Global expansion can open up big possibilities for an organization, but for an OSH manager, it can also be overwhelming. Get a glimpse into the various regulations you might encounter globally, as well as tips for avoiding common pitfalls.
Global expansion can open up big possibilities for an organization, but for an OSH manager, it can also be overwhelming. Managing widely disparate regulations, working with different regulating bodies, and navigating unfamiliar cultures can create roadblocks to a successful health and safety program.
Based on our global compliance experience, Antea Group can offer a glimpse into the various regulations you might encounter globally, as well as tips for avoiding common pitfalls. In particular, we’ll look at ergonomics, risk assessments, psychosocial stress, and occupational health. (NOTE: all regulations are accurate as of July 2019, but always make sure to do your own research and assessment.)
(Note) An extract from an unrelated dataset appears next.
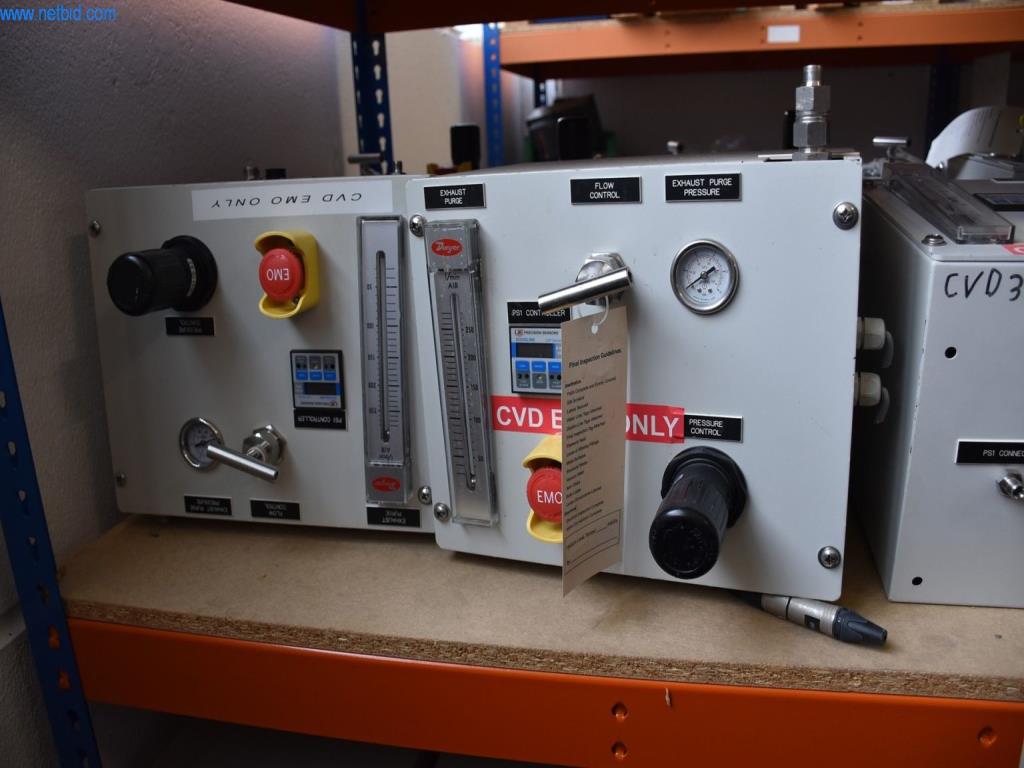 Obsežne zaloge vakuumskih črpalk, merilnih naprav, rezervnih delov in dodatne opreme-37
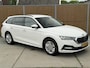 Skoda Octavia Combi 1.0 TSI Business Edition Getint glas | Parkeersensoren voor en achter | Elektrisch bedienbare achterklep | LED koplampen | Climate & cruise control | Navigatiesysteem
Common components of an ergonomics program include written programs, assessments, training, and medical concerns (such as pregnancy or eye exams). But, when multiplied by various geographies, those components can become pretty complex. For example, Ireland requires an in-person assessment by a qualified person for every new hire that uses a computer and mandates that ergonomics training for computer work also has to be done in-person. In California, if two employees have a diagnosed work-related repetitive motion injury in the last 12 months, the company is required by law to have an ergonomics program in place. Brazilian employers must ensure work stations are adjustable and “comfortable,” as well as complete mandatory light level sampling.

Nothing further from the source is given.